Authored by silvas on Mar 25 2020, 6:23 PM.

Details

Summary

shape dialect: add some ops

  • add to_extent_tensor
    • rename create_shape to from_extent_tensor for symmetry
  • add split_at and concat ops for basic shape manipulations

This set of ops is inspired by the requirements of lowering a dynamic-shape-aware batch matmul op. For such an op, the "matrix" dimensions aren't subject to broadcasting but the others are, and so we need to slice, broadcast, and reconstruct the final output shape. Furthermore, the actual broadcasting op used downstream uses a tensor of extents as its preferred shape interface for the actual op that does the broadcasting.

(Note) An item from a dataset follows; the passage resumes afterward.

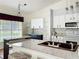 Bright kitchen features granite countertops, stainless steel appliances, tile backsplash, and modern lighting at 25540 Belle Helene, Leesburg, FL 34748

However, this functionality is quite general. It's obvious that to_extent_tensor is needed long-term to support many common patterns that involve computations on shapes. We can evolve the shape manipulation ops introduced here. The specific choices made here took into consideration the potentially unranked nature of the !shape.shape type, which means that a simple listing of dimensions to extract isn't possible in general.

Diff Detail

Event Timeline

silvas created this revision.Mar 25 2020, 6:23 PM
Herald added a project: Restricted Project. · View Herald TranscriptMar 25 2020, 6:23 PM
jpienaar added inline comments.Mar 26 2020, 5:27 AM
mlir/include/mlir/Dialect/Shape/IR/ShapeOps.td
316

Instead of drop back and take back, how about an op that mirrors concat (well mirrors the binary concat) like split_at which produces two shapes.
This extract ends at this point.